Self-hosted LLM serving is a different beast from calling a managed API. You own the availability, the scale, the failure modes. Good monitoring is not optional — it's the difference between a system you trust and one that silently degrades. This post covers the specific metrics that matter for vLLM, TGI, and TensorRT-LLM deployments, the dashboards to build, and the alerts that actually wake the right people up.
Why self-hosted monitoring is different
Managed APIs abstract away the infrastructure. You see latency and cost; the provider handles the rest. Self-hosted, you see everything — including all the ways a GPU deployment can silently underperform.
A healthy-looking system can be running at half its potential throughput because of KV cache pressure. A dashboard that doesn't surface this keeps you paying for 2x the compute you need.
Performance metrics
Tokens per second (throughput). The fundamental output metric. Aggregate across all requests; also track per-model if you're serving multiple.
Time to first token (TTFT). User-facing latency. For streaming responses, this is what perceived latency depends on. See latency budgeting post.
End-to-end latency percentiles: p50, p95, p99. Track all three. p99 tail latency often moves before p50 when the system is stressed; it's the leading indicator.
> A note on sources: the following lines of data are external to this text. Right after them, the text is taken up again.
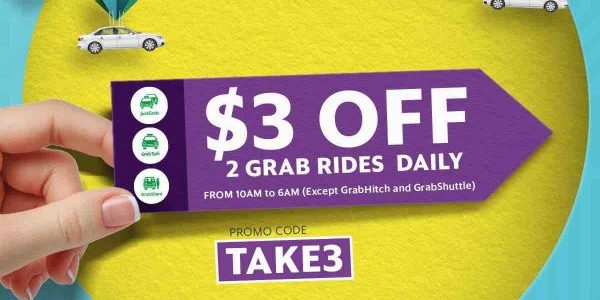 Grab Singapore $3 Off 2 Grab Rides From 10am-6am TAKE3 Promo Code 19-21 Jul 2017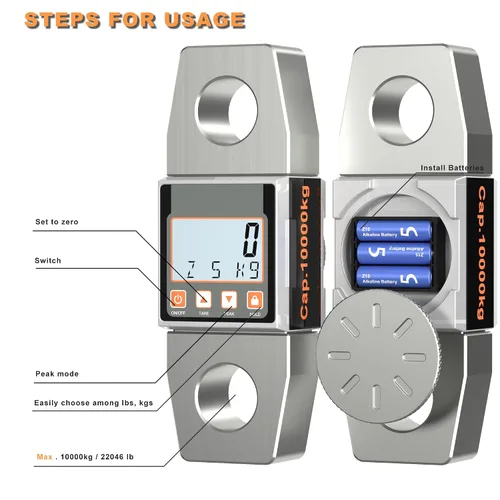 Vista 4 de Báscula de grúa de alta resistencia de 22,046.2 lbs/10T LCD dinamómetro digital de alta precisión para prueba de tracción/medición de tensión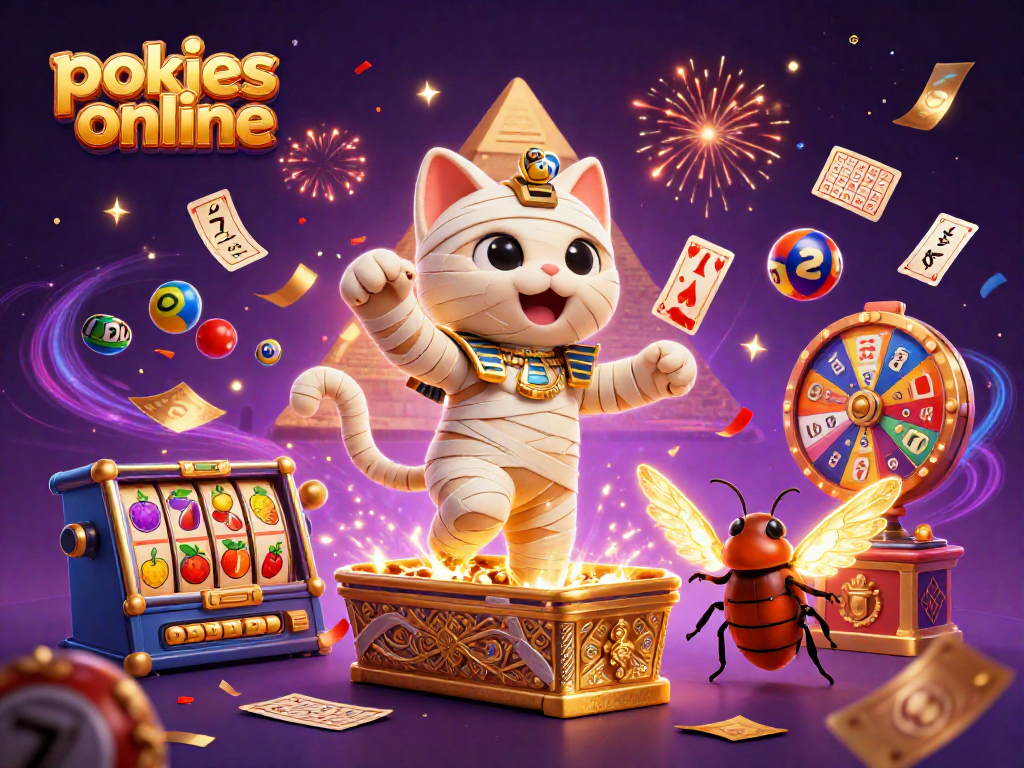 Spin and win with pokies online in a vibrant casino scene featuring a mummy cat and treasures.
Queue depth. How many requests are waiting to be served? A rising queue is the clearest sign of capacity pressure. Alert when queue depth exceeds threshold for sustained time.
GPU health
GPU utilization percentage. Sustained utilization below 50% suggests you're over-provisioned; above 95% suggests you're under-provisioned or hitting memory bandwidth limits.
GPU memory used and free. Out-of-memory is the most common failure mode. Headroom of at least 10% is healthy; less and you're one long prompt away from OOM.
Temperature and thermal throttling events. Throttled GPUs run slower; sustained throttling hurts throughput. Monitor temperature; alert on throttling events.
Power draw. Correlates with actual work. Unexpected dips can indicate idle GPUs or throttling.
Serving internals
KV cache hit rate. vLLM and similar serving stacks reuse KV cache across requests with shared prefixes. Higher hit rate = better throughput. Low hit rate suggests workload isn't benefiting from caching; consider prompt structure changes.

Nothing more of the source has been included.